## The problem
Your answer must be the data repeated exactly, with no pictures in it.
Start of Given information
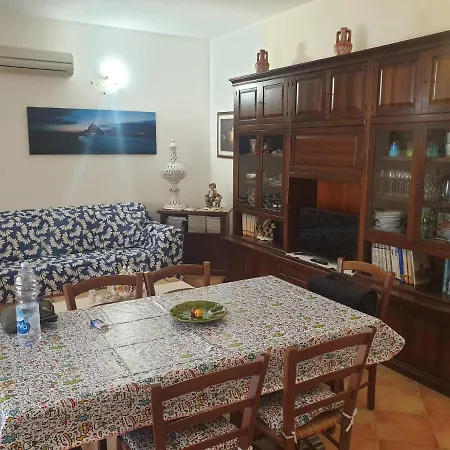 Prázdninový dům Casa Cannugia By La Via Del Mare Viaggi E Vacanze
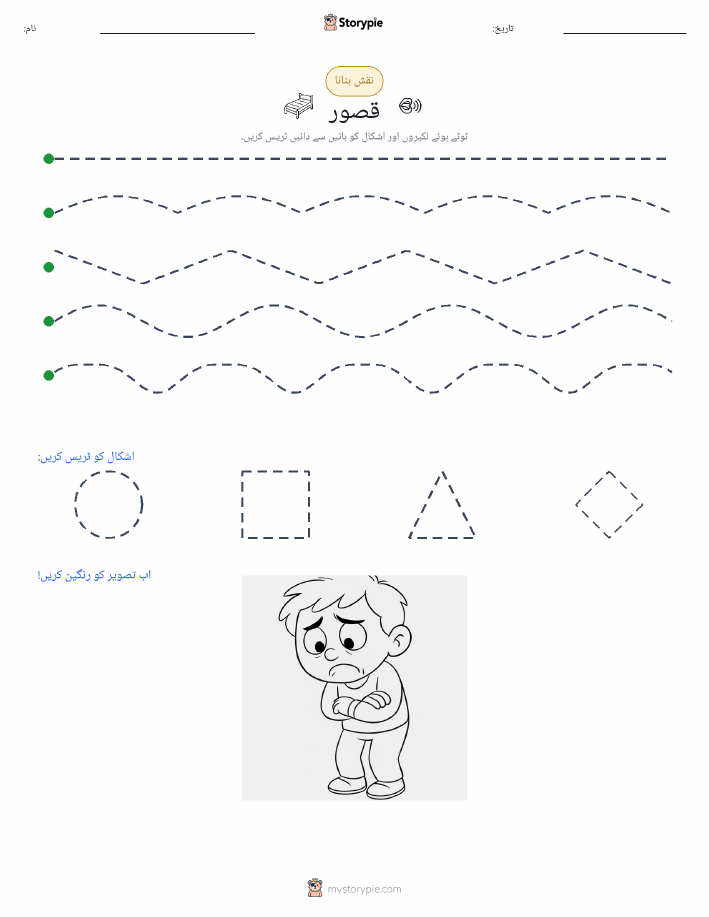 نقشہ بنانا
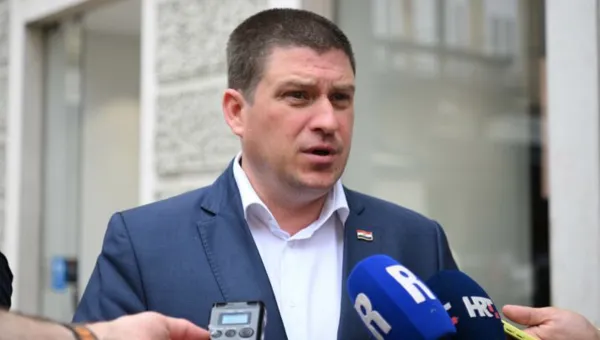 Butković o iskakanju vlaka kod Meje: Pruga je ispravna, sumnja se na tehnički kvar ili ljudsku pogrešku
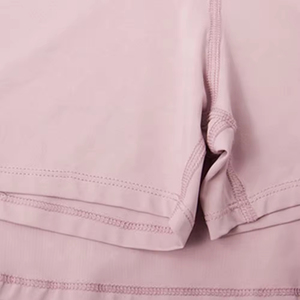 Vêtements de sport pour femmes, respirants, anti-humidité, séchage rapide, haute élasticité, ensemble décontracté deux pièces, veste de sport avec poche zippée - Product Image 3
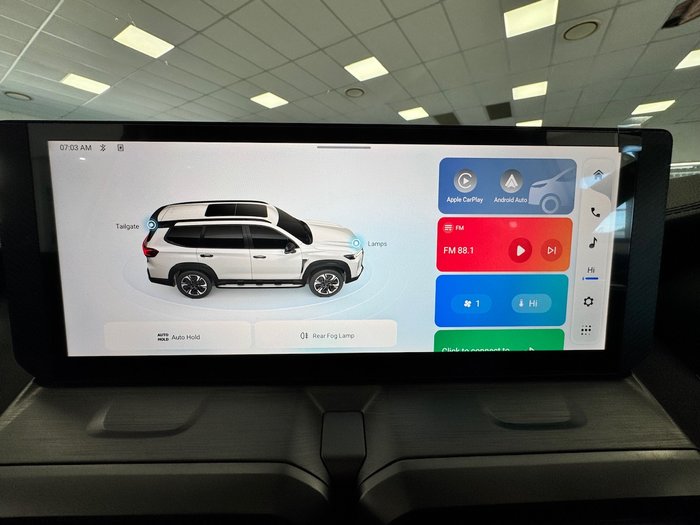 2025 LDV D90 Executive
End of Given information
## Result of this exercise
 Prázdninový dům Casa Cannugia By La Via Del Mare Viaggi E Vacanze
 نقشہ بنانا
 Butković o iskakanju vlaka kod Meje: Pruga je ispravna, sumnja se na tehnički kvar ili ljudsku pogrešku
 Vêtements de sport pour femmes, respirants, anti-humidité, séchage rapide, haute élasticité, ensemble décontracté deux pièces, veste de sport avec poche zippée - Product Image 3
 2025 LDV D90 Executive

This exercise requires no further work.